No Brasil, segundo a lei das Sociedades Anônimas (lei 6.404, artigo 202), as sociedades anônimas devem estabelecer um dividendo mínimo obrigatório não inferior a 25%, havendo a possibilidade da distribuição de dividendos em quantia inferior ou até nula dadas algumas condições. A questão é: qual é real efeito dessa regulação?
Em artigo publicado no Journal of Corporate
Finance, Theo Cotrim Martins e Walter Novaes analisaram essa questão para o
mercado brasileiro entre 2005 e 2009. Essa discussão está no contexto das leis
que protegem o acionista minoritário e a ligação desse tema com o
desenvolvimento financeiro do país. O dividendo mínimo obrigatório impediria
que os acionistas controladores deixassem de pagar dividendos para utilizar os
recursos como bem entendessem, mas pode ter o efeito negativo de reduzir os
recursos livres para serem investidos. Apenas cinco países adotam essa regra,
Chile, Colômbia, Grécia e Venezuela, além do Brasil.
Como mencionado, as sociedades anônimas brasileiras
precisam pagar 25% do lucro em dividendos, mas há maneiras legais de pagar
menos dividendos. Uma delas é através da constituição de reservas. Os autores
interpretaram isso como uma manobra, mas esse também é um ponto obrigatório
pela mesma lei 6.404 (artigo 193). A sociedade deve provisionar 5% do lucro
líquido, antes de qualquer outra destinação, em reservas legais, que não podem
exceder 20% do capital social. Logo, empresas com reservas legais abaixo de seu
limite devem fazer essa reserva. O dividendo mínimo obrigatório é pago em cima
do lucro após reserva legal, de forma que o mínimo passaria a 23,75% nesse caso
(ou seja, 25% sobre 95% do lucro). Em média, 41,49% das empresas pagaram
dividendos abaixo do obrigatório, mas muito por conta desse fator.

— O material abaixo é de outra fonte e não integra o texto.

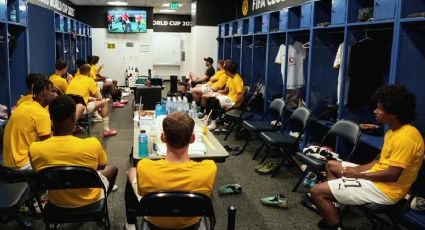 ¡Insólita medida! Suplentes del Borussia ven el primer tiempo de su partido del Mundial de Clubes en el vestidor debido al calor; en el segundo usan sombrillas
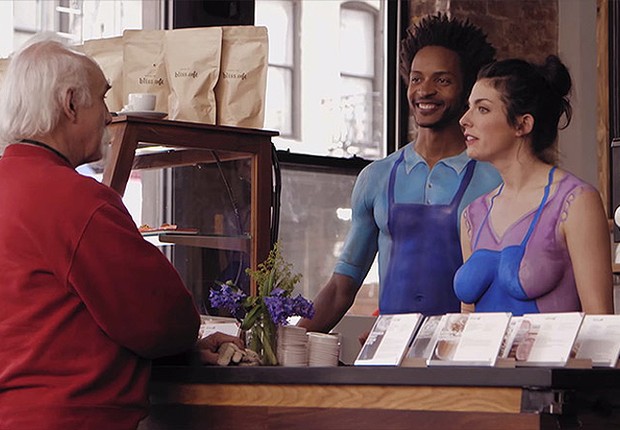 Comercial da Nestlé utiliza a surpresa de consumidores reais que se deparam com baristas sem roupa e com os corpos pintados (Foto: Reprodução/Coffee-mate)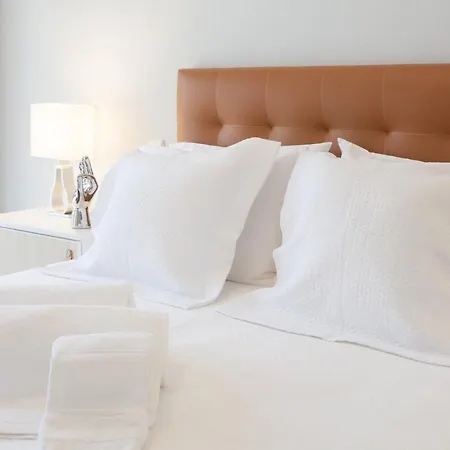 Urban Views - Ml Inspired By Palacio De Cristal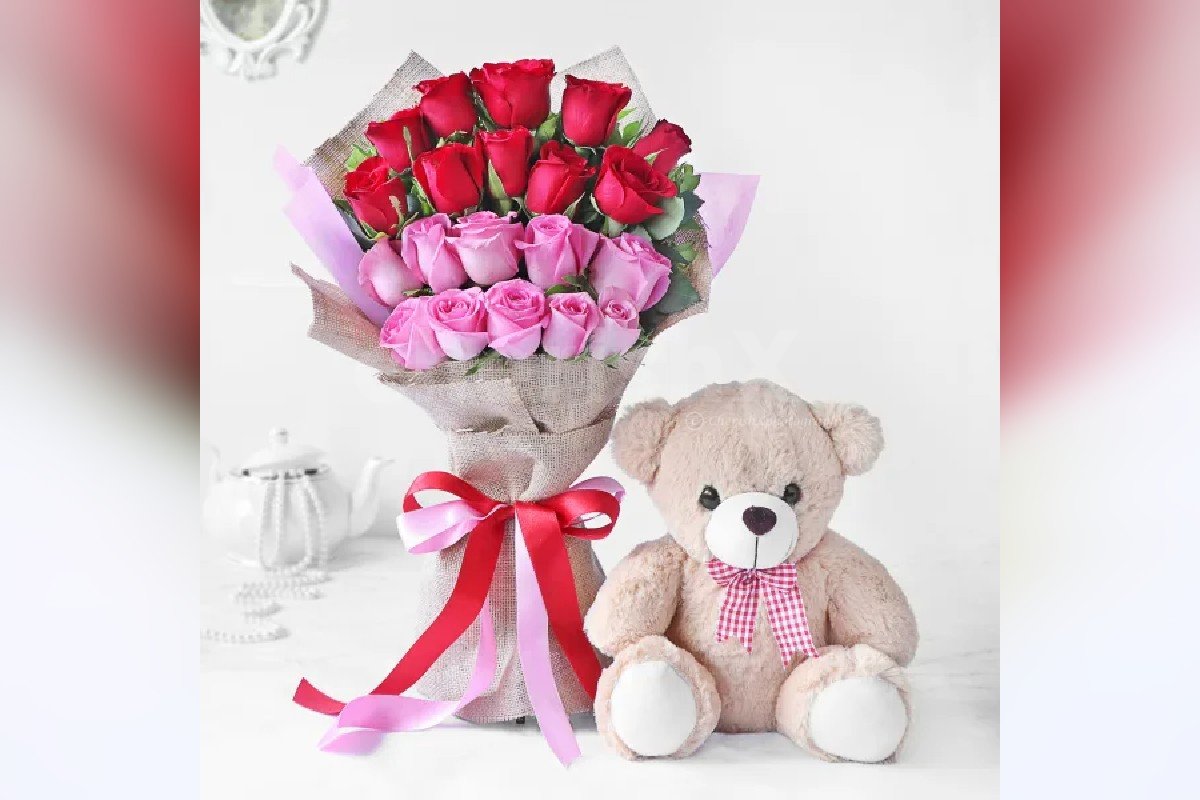 20 roses with a teddy bouquet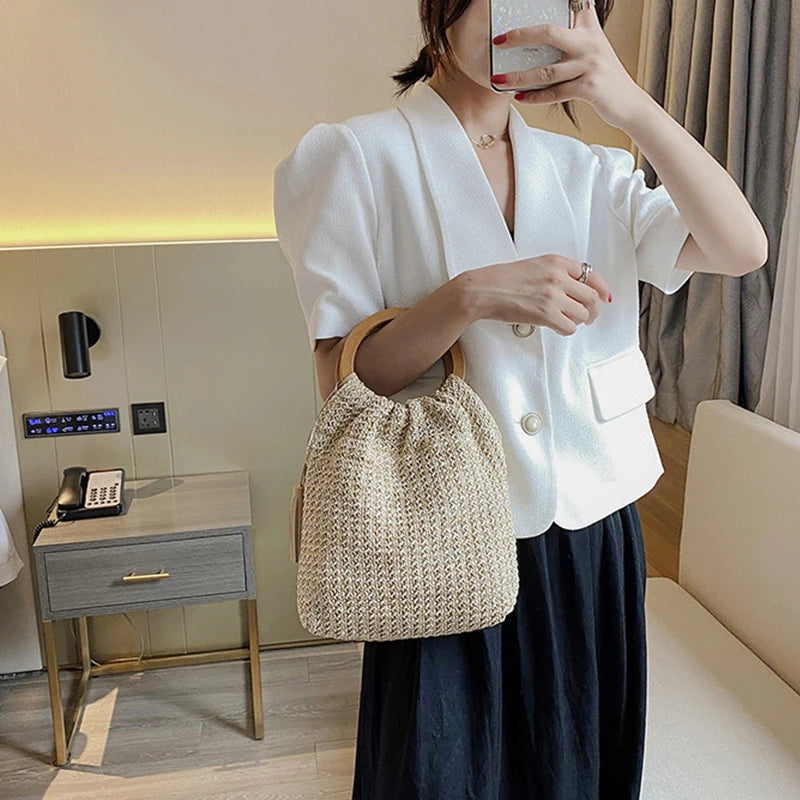 the WOVEN BAG - Straw Bag Rattan Woven Round Tassel Handbag for Women, Large Capacity Shoulder Tote Purse, Ladies Holiday Wood Handle Shopping Bag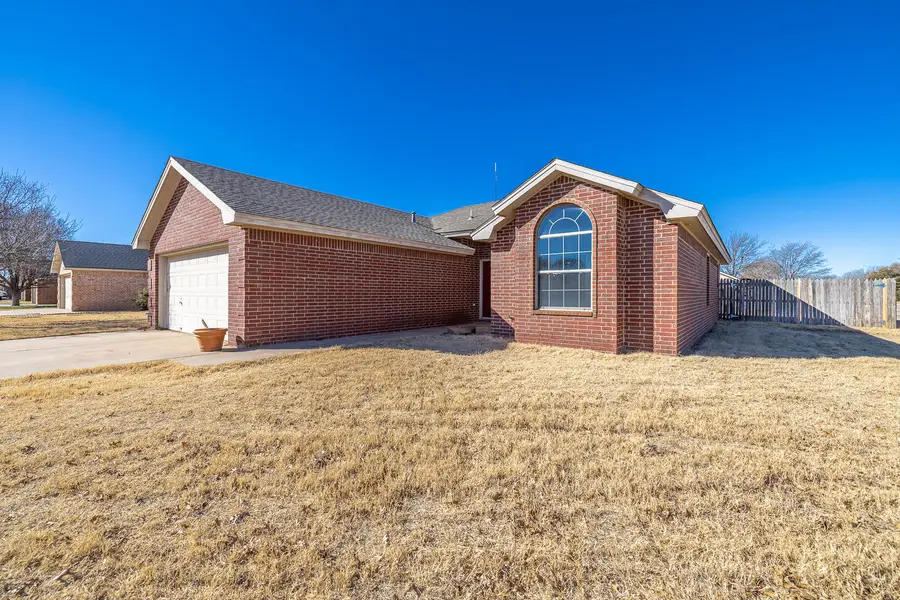 9702 Vernon Avenue, Lubbock, TX 79423 - Image #3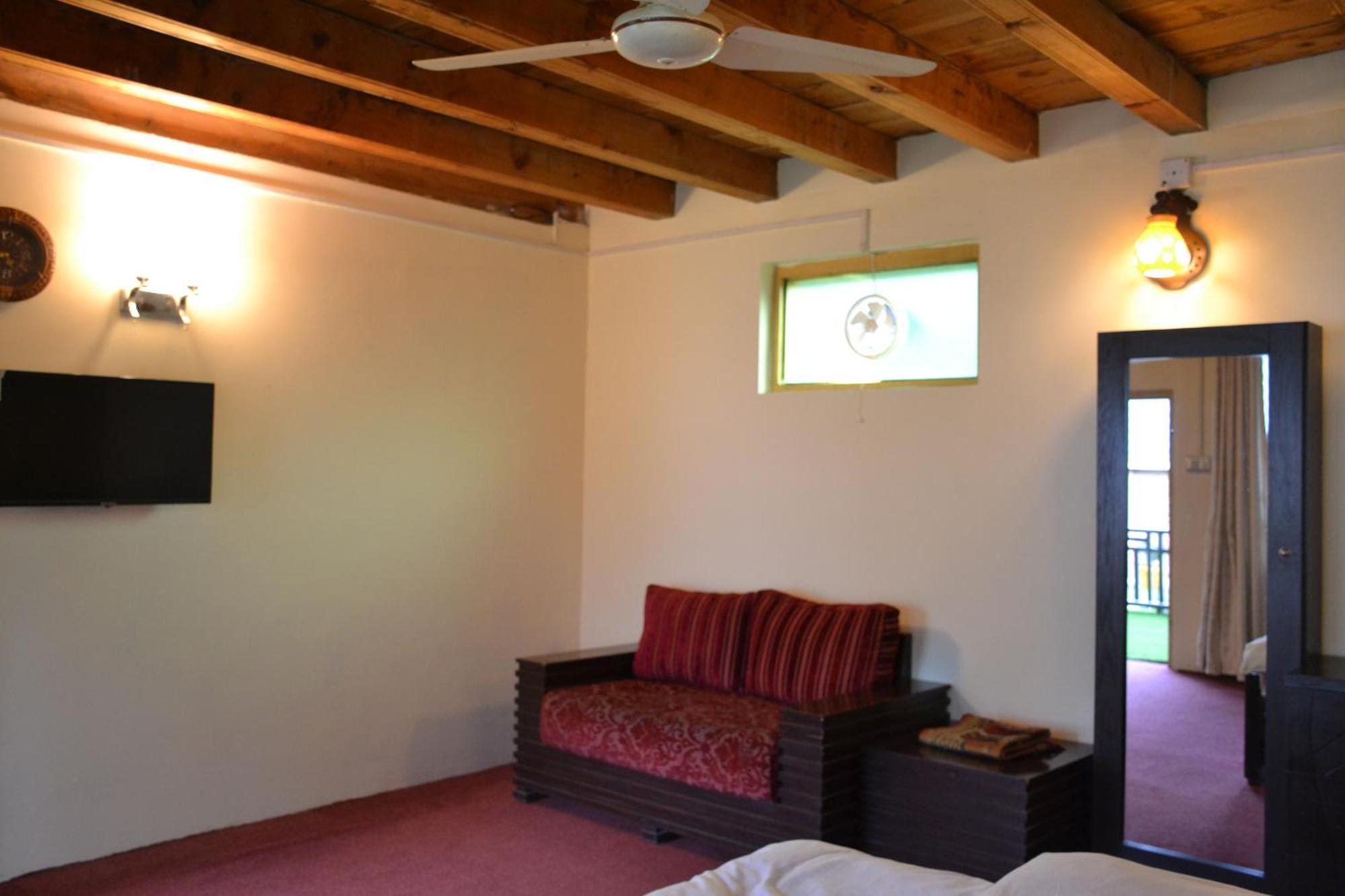 West End Lodges Neelum Buitenkant foto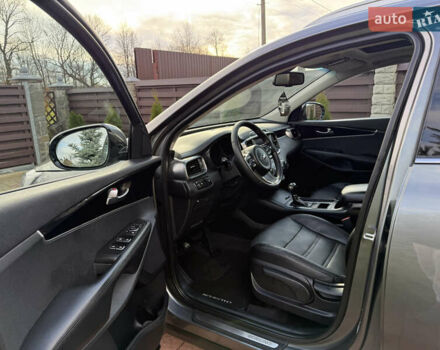 Серый Киа Соренто, объемом двигателя 2.2 л и пробегом 192 тыс. км за 18200 $, фото 46 на Automoto.ua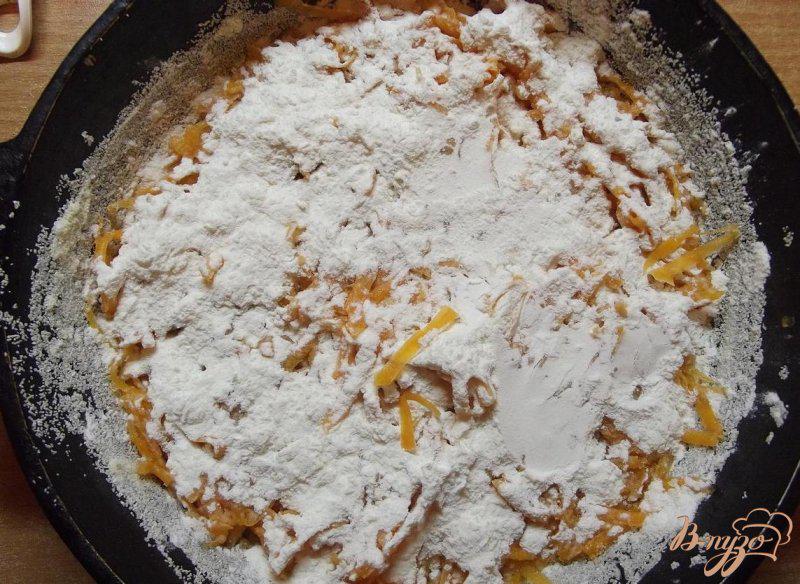 Фото приготовление рецепта: Насыпной пирог с тыквой и яблоками шаг №3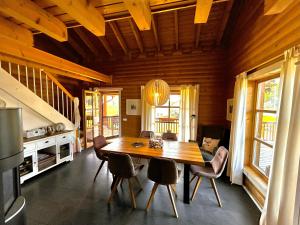 Kuhinja ili čajna kuhinja u objektu Chalet am Bach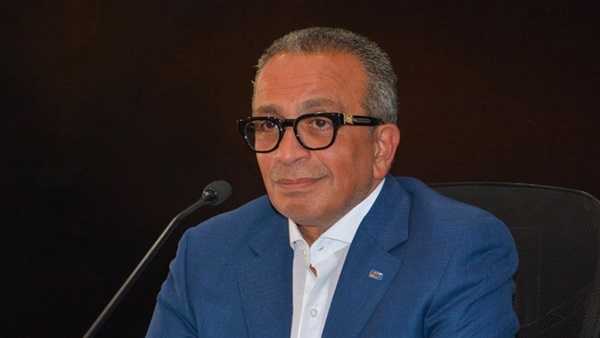 تصعيد رسمي من اللجنة الخماسية ضد رئيس الزمالك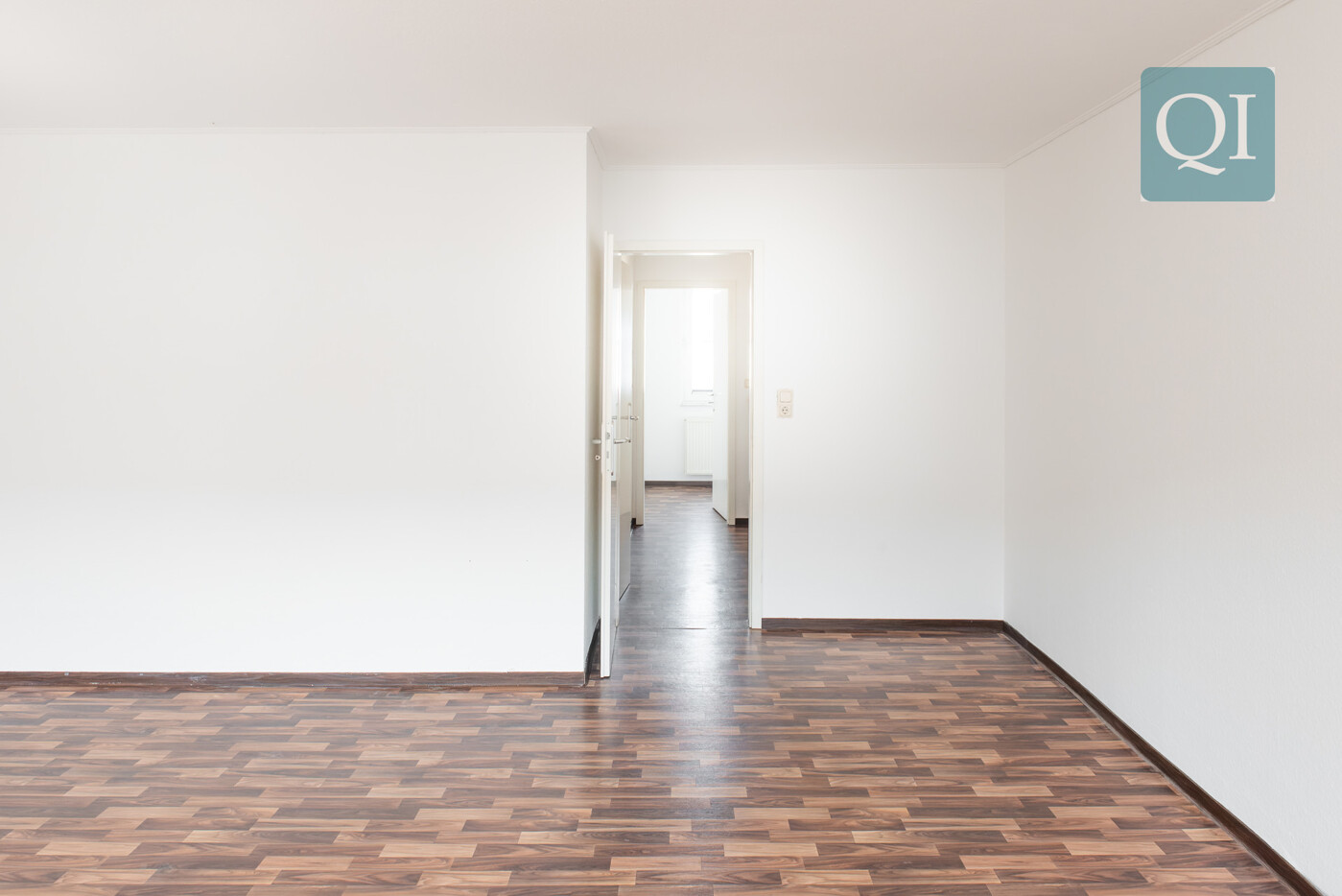 QI-6882 Schlafzimmer 1 OG 1-2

Em média, 21% das empresas lucrativas não pagam
dividendos, aproveitando-se da brecha deixada pela lei para reterem dividendos
se a administração considerar que isso é do interesse da companhia. Porém, o
comportamento não é persistente, justamente pelo artigo 111 da lei das S/As,
que estabelece o direito a voto para as ações preferenciais caso a companhia
não pague dividendos por três anos consecutivos (ou menos, se assim estabelecer
o estatuto), direito que permanece até que a empresa pague cumulativamente os
dividendos devidos.
A atuação da CVM pode coibir a retenção indevida de
dividendos, já que essas situações passam pelo crivo da autarquia e pode
resultar em punições aos administradores caso a retenção seja injustificada.
Nesse ponto, há ainda em curso um polêmico (e complexo) caso que envolve a
Eletrobras, que reteve dividendos por décadas e que está sendo alvo de um
processo administrativo na CVM para que pague o que deve.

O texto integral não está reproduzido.